Artem Ihorovych Tovkach (Артем Ігорович Товкач; born 30 December 2002) is a Ukrainian professional footballer who plays as a right-back for Ukrainian club Metalurh Zaporizhzhia.

==Career==
Tovkach began playing football at age 7. In Dnipro he attended Specialized secondary school # 141. In May 2014 His school team took part in Ukrainian competition of the Danone Nations Cup. During regional finals of the competition his team won 5:0 against secondary school # 55 from Donetsk and won 1:0 secondary school # 6 from Kupiansk on 20 May. During the Ukrainian final held in Arena Lviv on 28 May they won 2:0 against a team from Sumy. Tovkach played in the final part of the competition held of 14 to 16 November at Arena Corinthians in Sao Paulo, Brazil. His team finished twenty-fifth.

===Kremin===
On 18 July 2021, Tovkach moved to Ukrainian First League club Kremin Kremenchuk and took the number 35 shirt.
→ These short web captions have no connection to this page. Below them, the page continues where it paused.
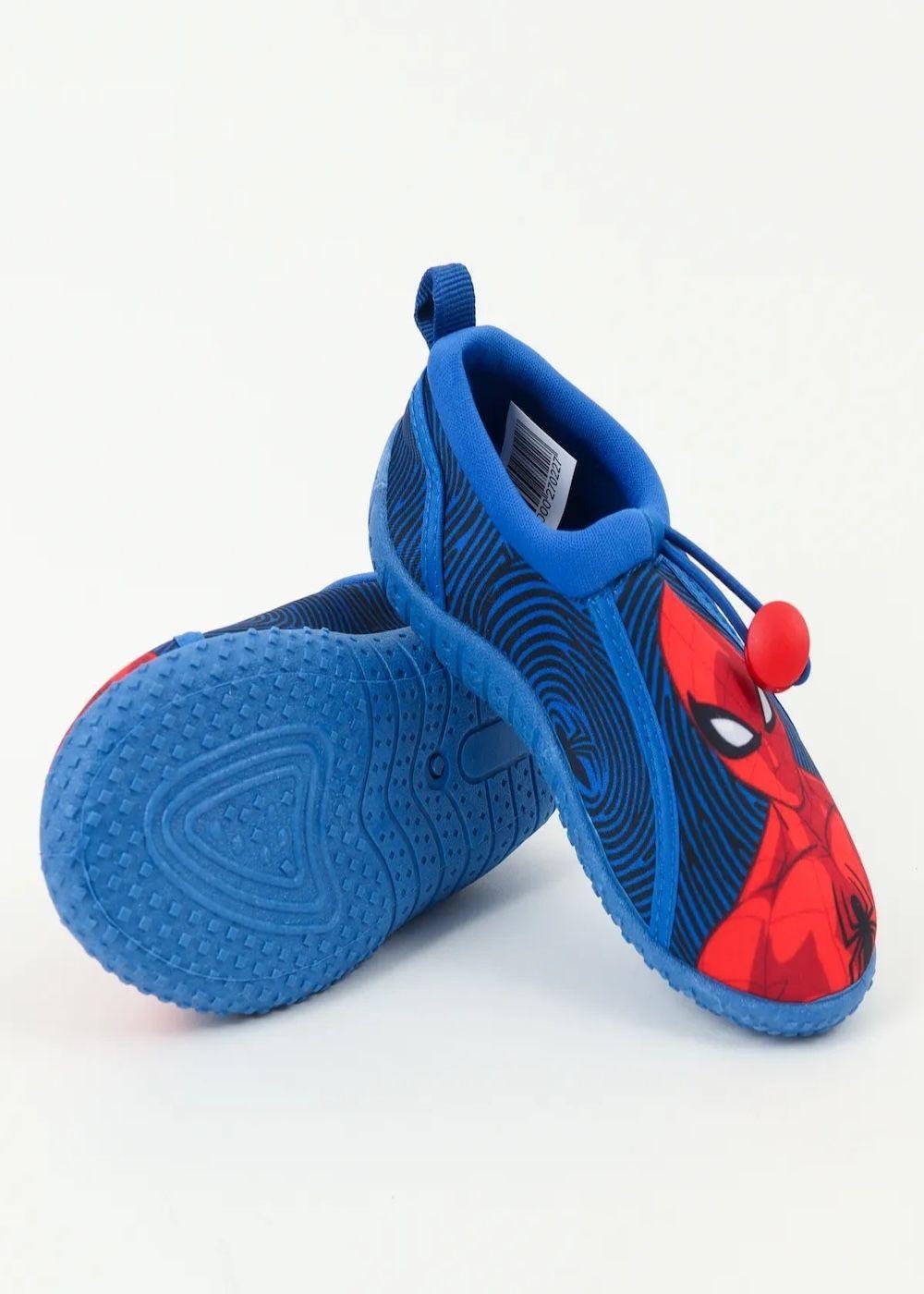 Zapatilla para agua Spiderman Numeros 30/31 y 32/33-1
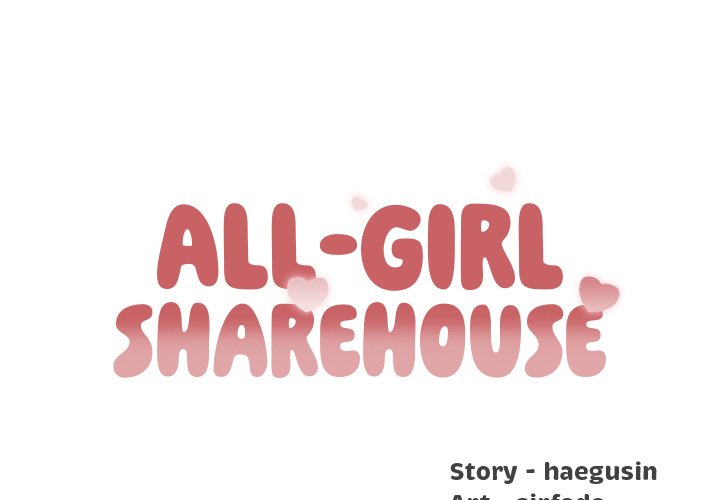 All-Girl Sharehouse Chapter 15 - Manhwa18.com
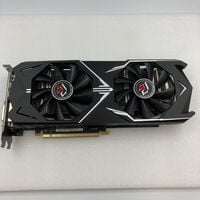 中古  ASRock Phantom Gaming X Radeon RX570 8G OC 3290006649 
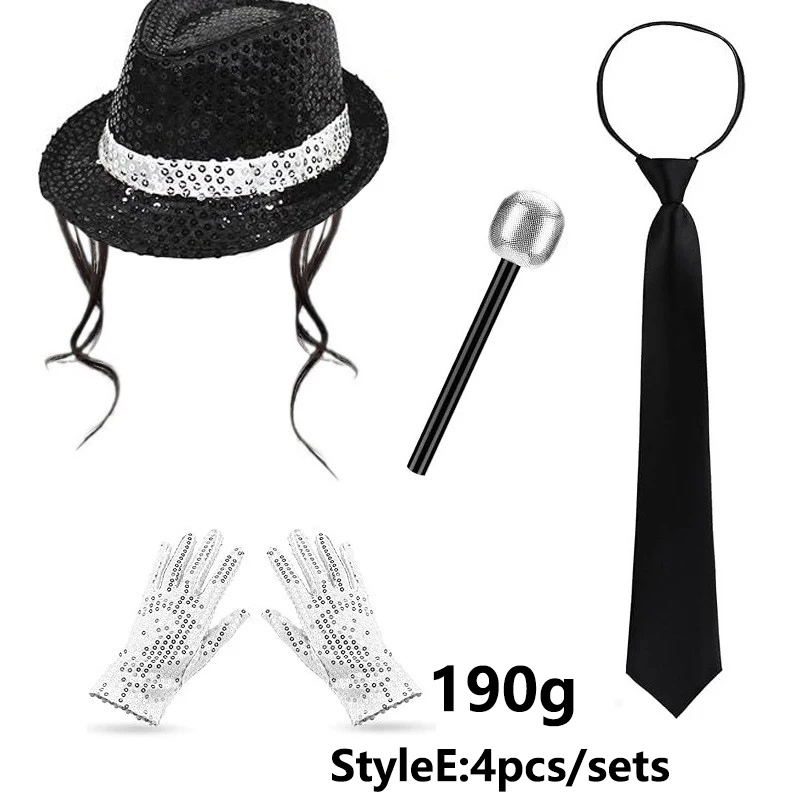 Kostum Disko Anak Laki-laki Pr - Women'S Accessories In The 80S ulasan dan harga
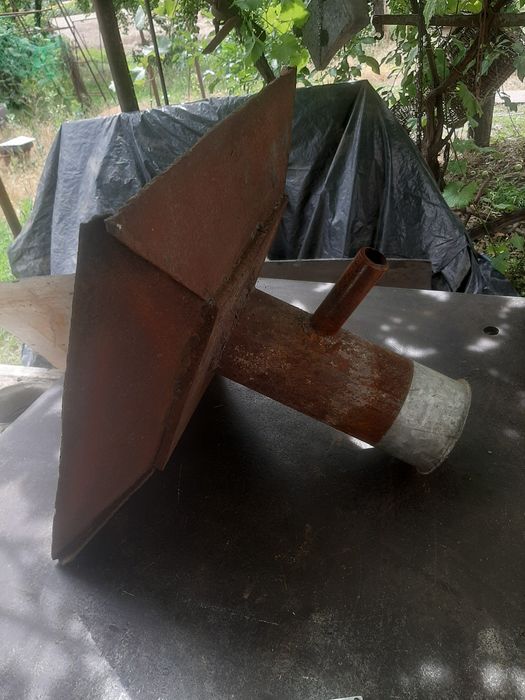 Продам  горно для кузні та равлик..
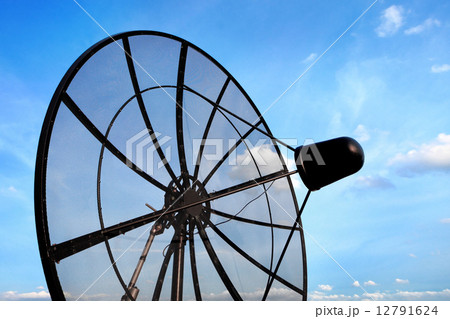 Satellite dish 12791624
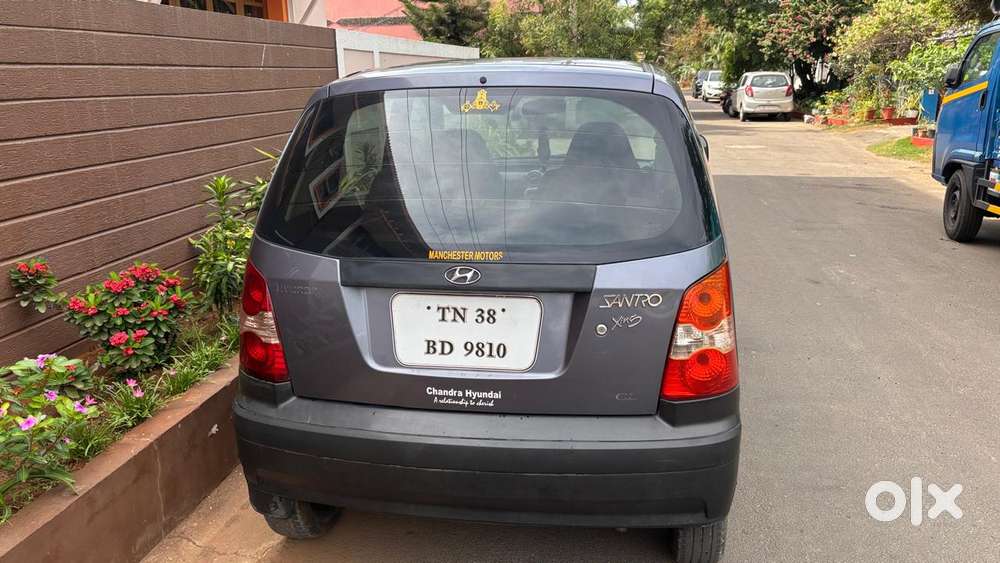 Hyundai Santro Xing Gl, 2010, Petrol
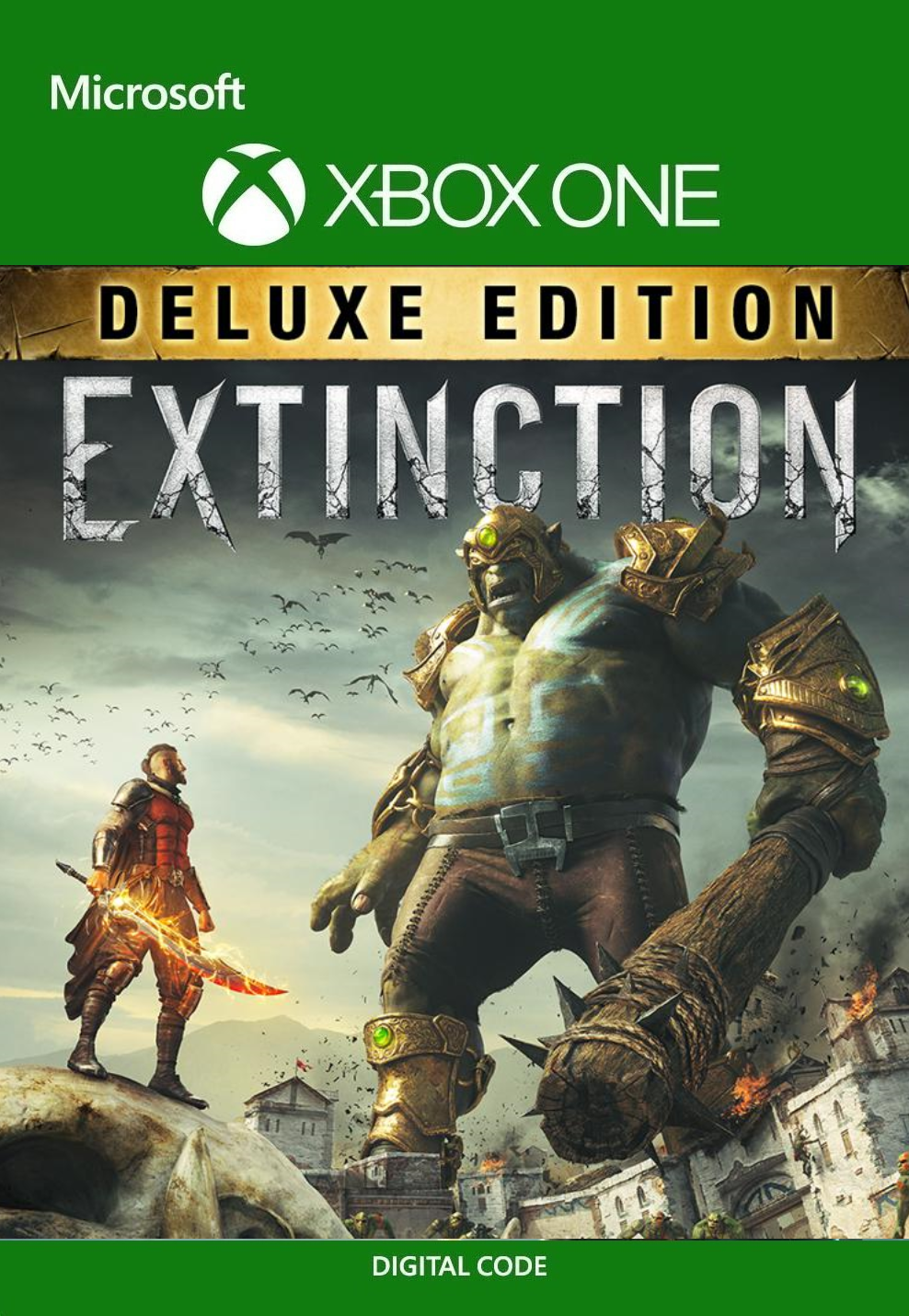 Extinction: Deluxe Edition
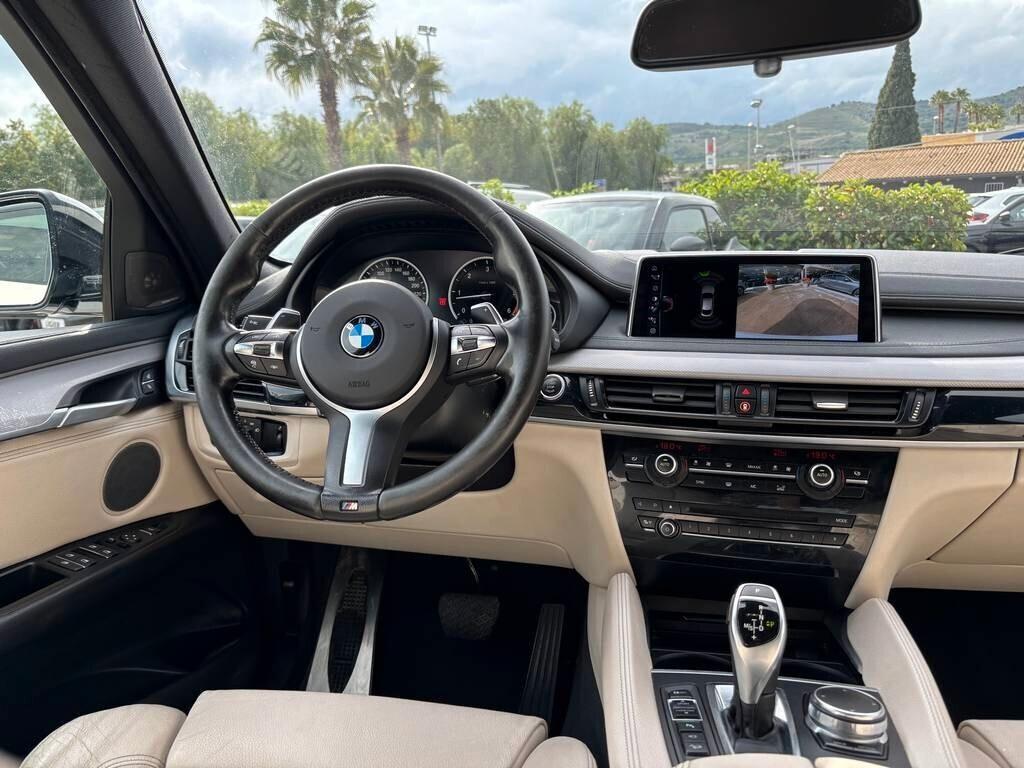 Bmw X6 xDrive30d 249CV Msport 2017 condizioni pari al nuovo Tua a soli 199 Euro al mese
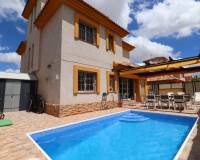 Resale - Semi detached villa - Los Montesinos - La Herrada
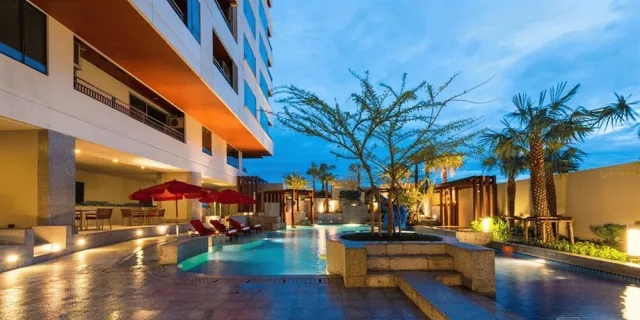 Hotellbilder av Jasmine Grande Residence - nummer 1 av 100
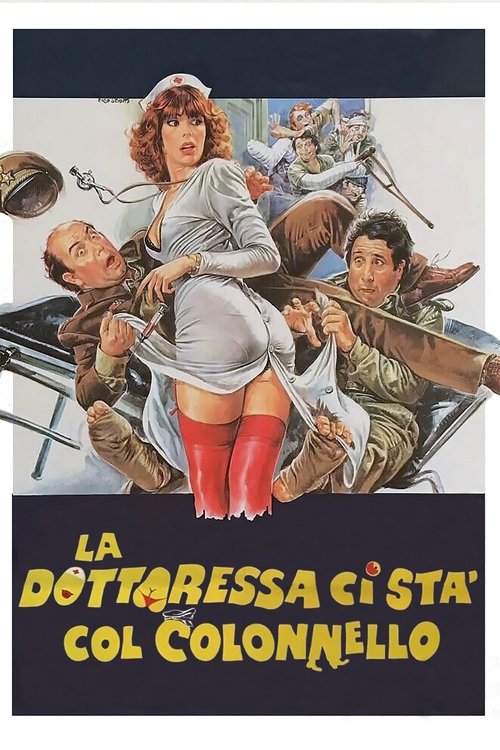 La dottoressa ci sta col colonnello (1980) - Stream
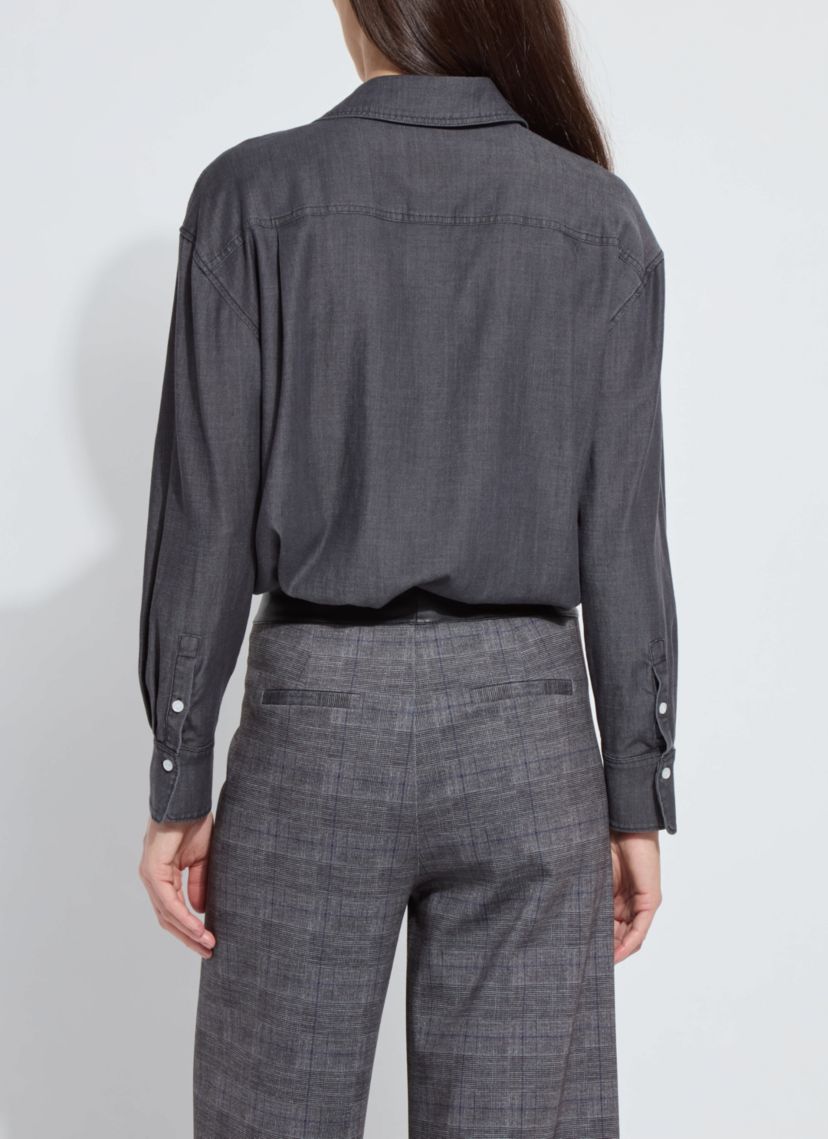 Lunette St Chambray Shirt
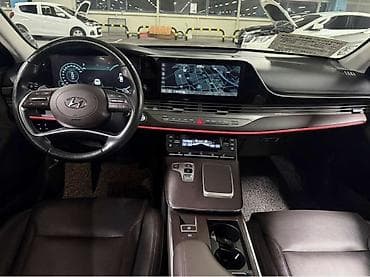 хендай грандер 2020: Hyundai Grandeur: 2020 г., 2.4 л, Робот, Гибрид, Седан — 8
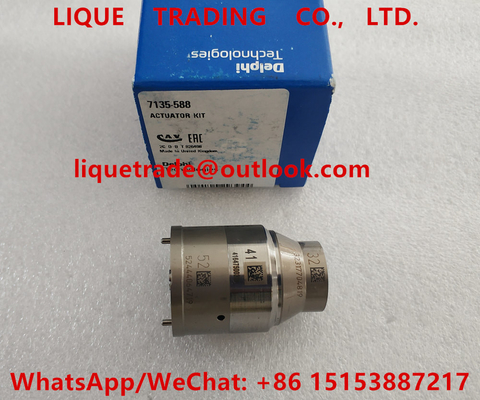 Chine Kit 7135-588, 7135 588, déclencheur électrique de DELPHI Actuator d'injecteur de l'unité 7135588 fournisseur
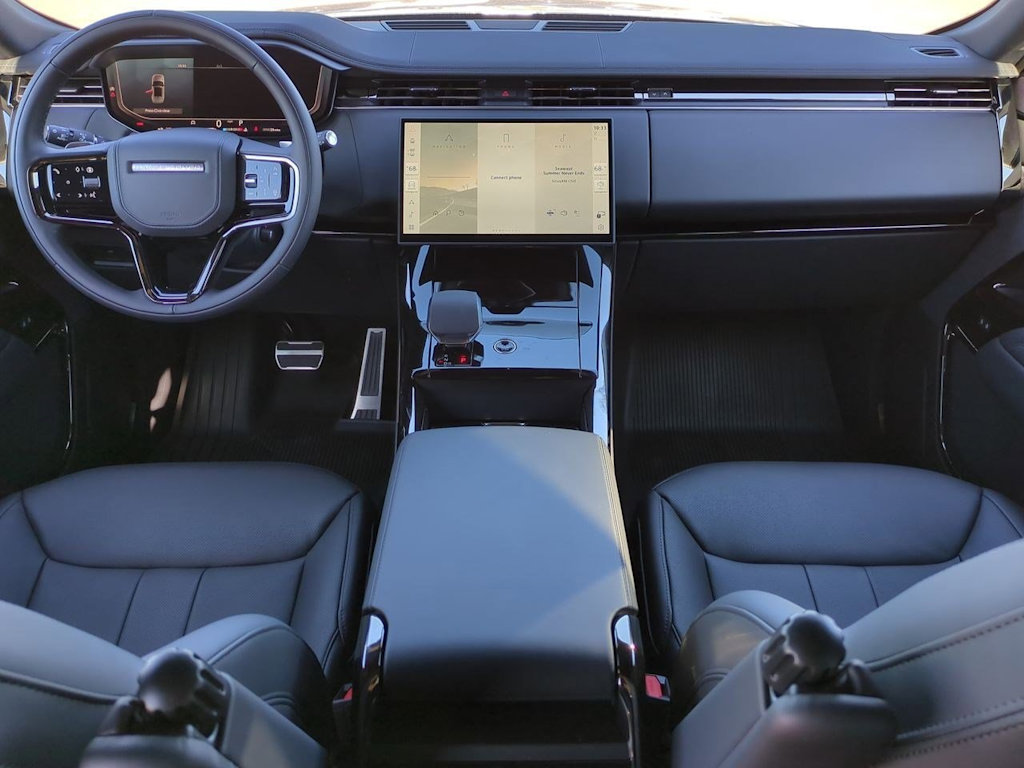 Thumbnail: 2025 Land Rover Range Rover Sport - 9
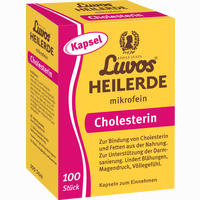 Luvos Heilerde Mikrofein Kapseln 100 Stück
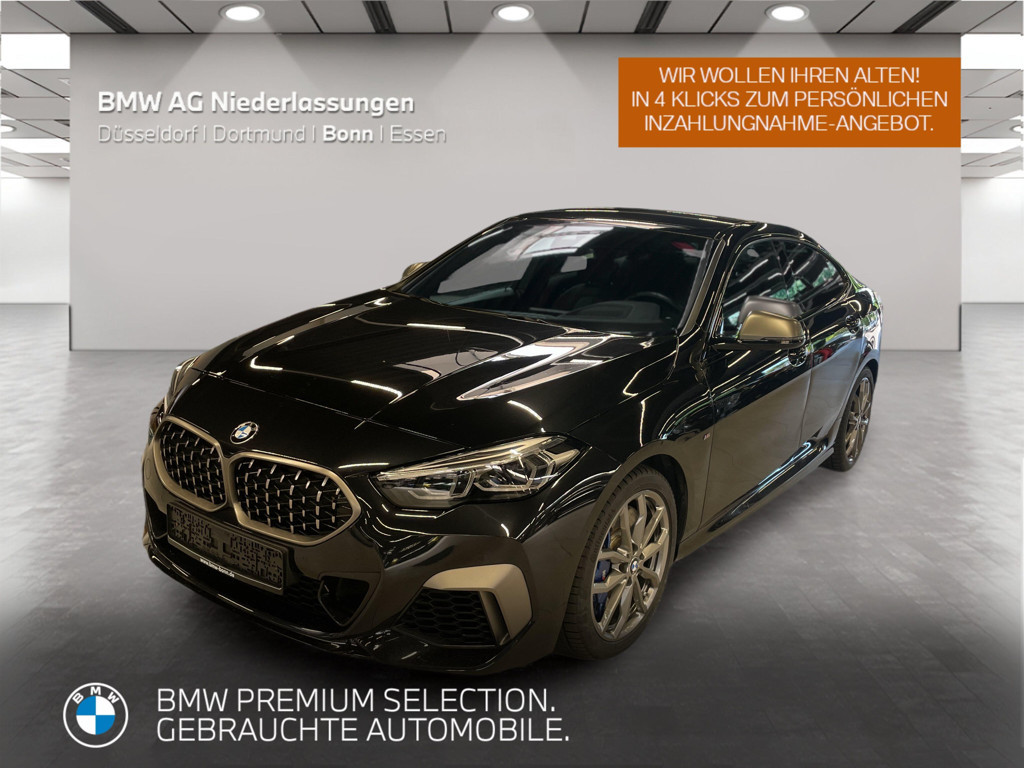 BMW M2 xDrive Coupé Gran Coupé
He made his debut for Kremin on 14 August replacing Viktor Pylypenko at 86 minutes in a 4:1 loss against Kryvbas. While preparing for the spring part of 2021–22 Ukrainian First League Kremin played in "Poltava Spring 2022" regional competition. During the 23 February 2022 match he received a fracture of the fifth metatarsal bone of the left foot sidelining him for at least a month and a half. He scored his debut goal for Kremin in a 7:0 win against Hirnyk-Sport on 18 September. Tovkach made his debut for Kremin-2 on 22 September being substituted on the 46th minute in a 1:0 loss against Khust.